(AIM OF THE EXERCISE) When you reach the line containing "20231002-YourClass-590×640-x2-944×1024 42 - IMD" in the data below, begin returning lines exactly as written, and stop once the line containing "Maison de village" has been returned.

(DATA PROVIDED)
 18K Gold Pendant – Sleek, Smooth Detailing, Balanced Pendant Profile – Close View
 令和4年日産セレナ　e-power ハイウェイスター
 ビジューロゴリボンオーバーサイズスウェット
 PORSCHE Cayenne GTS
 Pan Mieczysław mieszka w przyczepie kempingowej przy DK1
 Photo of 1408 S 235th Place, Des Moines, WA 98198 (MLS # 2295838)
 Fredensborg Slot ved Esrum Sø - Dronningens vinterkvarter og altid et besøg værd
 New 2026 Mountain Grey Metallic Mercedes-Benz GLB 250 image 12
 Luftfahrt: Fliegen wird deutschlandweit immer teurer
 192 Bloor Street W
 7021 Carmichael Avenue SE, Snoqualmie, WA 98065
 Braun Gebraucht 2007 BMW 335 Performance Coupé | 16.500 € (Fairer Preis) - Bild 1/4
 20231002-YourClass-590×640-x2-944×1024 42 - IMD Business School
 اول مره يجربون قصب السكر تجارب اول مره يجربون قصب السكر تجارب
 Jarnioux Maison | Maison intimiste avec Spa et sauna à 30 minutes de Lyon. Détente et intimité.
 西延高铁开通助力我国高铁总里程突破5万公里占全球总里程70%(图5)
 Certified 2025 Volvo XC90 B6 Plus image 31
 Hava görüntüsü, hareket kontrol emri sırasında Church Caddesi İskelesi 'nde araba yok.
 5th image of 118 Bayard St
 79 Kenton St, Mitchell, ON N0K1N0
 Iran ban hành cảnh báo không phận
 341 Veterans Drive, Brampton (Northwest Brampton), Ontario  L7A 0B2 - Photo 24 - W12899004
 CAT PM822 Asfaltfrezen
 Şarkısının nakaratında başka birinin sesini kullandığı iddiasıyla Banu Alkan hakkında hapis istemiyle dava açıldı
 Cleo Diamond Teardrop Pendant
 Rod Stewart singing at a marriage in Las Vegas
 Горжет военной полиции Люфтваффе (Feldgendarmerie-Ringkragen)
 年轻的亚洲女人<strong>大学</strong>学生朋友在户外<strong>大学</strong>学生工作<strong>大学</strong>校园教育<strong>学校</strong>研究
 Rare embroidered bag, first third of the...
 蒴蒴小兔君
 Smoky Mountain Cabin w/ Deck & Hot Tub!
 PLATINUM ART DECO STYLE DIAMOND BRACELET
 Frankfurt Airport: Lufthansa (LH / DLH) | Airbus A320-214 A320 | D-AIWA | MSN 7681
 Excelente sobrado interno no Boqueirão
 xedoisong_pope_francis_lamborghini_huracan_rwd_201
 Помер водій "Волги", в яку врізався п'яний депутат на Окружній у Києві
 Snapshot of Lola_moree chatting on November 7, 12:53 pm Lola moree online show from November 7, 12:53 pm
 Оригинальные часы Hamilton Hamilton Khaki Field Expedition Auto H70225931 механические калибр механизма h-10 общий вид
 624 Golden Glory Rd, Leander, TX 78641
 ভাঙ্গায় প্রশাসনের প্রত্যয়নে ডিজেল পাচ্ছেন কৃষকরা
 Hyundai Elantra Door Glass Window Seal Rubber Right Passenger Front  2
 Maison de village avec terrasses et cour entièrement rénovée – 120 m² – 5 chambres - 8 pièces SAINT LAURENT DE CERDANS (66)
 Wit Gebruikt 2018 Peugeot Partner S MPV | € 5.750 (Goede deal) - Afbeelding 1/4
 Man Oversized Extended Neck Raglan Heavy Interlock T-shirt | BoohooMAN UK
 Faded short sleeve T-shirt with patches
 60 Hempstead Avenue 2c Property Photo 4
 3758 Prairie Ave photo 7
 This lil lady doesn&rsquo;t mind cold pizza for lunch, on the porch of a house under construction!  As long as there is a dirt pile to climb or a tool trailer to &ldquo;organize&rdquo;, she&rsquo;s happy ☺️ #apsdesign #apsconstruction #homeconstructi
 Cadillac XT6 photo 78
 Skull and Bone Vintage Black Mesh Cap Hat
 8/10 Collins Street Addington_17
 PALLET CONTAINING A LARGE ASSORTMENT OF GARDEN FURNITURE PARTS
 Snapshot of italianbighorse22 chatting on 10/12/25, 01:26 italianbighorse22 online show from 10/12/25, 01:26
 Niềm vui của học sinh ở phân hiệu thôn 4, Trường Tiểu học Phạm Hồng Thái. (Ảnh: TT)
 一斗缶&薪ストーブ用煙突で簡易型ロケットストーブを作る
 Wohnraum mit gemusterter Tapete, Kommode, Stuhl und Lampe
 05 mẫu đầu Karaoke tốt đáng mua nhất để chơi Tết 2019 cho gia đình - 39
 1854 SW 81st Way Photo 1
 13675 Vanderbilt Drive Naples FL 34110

(SOLUTION)
 20231002-YourClass-590×640-x2-944×1024 42 - IMD Business School
 اول مره يجربون قصب السكر تجارب اول مره يجربون قصب السكر تجارب
 Jarnioux Maison | Maison intimiste avec Spa et sauna à 30 minutes de Lyon. Détente et intimité.
 西延高铁开通助力我国高铁总里程突破5万公里占全球总里程70%(图5)
 Certified 2025 Volvo XC90 B6 Plus image 31
 Hava görüntüsü, hareket kontrol emri sırasında Church Caddesi İskelesi 'nde araba yok.
 5th image of 118 Bayard St
 79 Kenton St, Mitchell, ON N0K1N0
 Iran ban hành cảnh báo không phận
 341 Veterans Drive, Brampton (Northwest Brampton), Ontario  L7A 0B2 - Photo 24 - W12899004
 CAT PM822 Asfaltfrezen
 Şarkısının nakaratında başka birinin sesini kullandığı iddiasıyla Banu Alkan hakkında hapis istemiyle dava açıldı
 Cleo Diamond Teardrop Pendant
 Rod Stewart singing at a marriage in Las Vegas
 Горжет военной полиции Люфтваффе (Feldgendarmerie-Ringkragen)
 年轻的亚洲女人<strong>大学</strong>学生朋友在户外<strong>大学</strong>学生工作<strong>大学</strong>校园教育<strong>学校</strong>研究
 Rare embroidered bag, first third of the...
 蒴蒴小兔君
 Smoky Mountain Cabin w/ Deck & Hot Tub!
 PLATINUM ART DECO STYLE DIAMOND BRACELET
 Frankfurt Airport: Lufthansa (LH / DLH) | Airbus A320-214 A320 | D-AIWA | MSN 7681
 Excelente sobrado interno no Boqueirão
 xedoisong_pope_francis_lamborghini_huracan_rwd_201
 Помер водій "Волги", в яку врізався п'яний депутат на Окружній у Києві
 Snapshot of Lola_moree chatting on November 7, 12:53 pm Lola moree online show from November 7, 12:53 pm
 Оригинальные часы Hamilton Hamilton Khaki Field Expedition Auto H70225931 механические калибр механизма h-10 общий вид
 624 Golden Glory Rd, Leander, TX 78641
 ভাঙ্গায় প্রশাসনের প্রত্যয়নে ডিজেল পাচ্ছেন কৃষকরা
 Hyundai Elantra Door Glass Window Seal Rubber Right Passenger Front  2
 Maison de village avec terrasses et cour entièrement rénovée – 120 m² – 5 chambres - 8 pièces SAINT LAURENT DE CERDANS (66)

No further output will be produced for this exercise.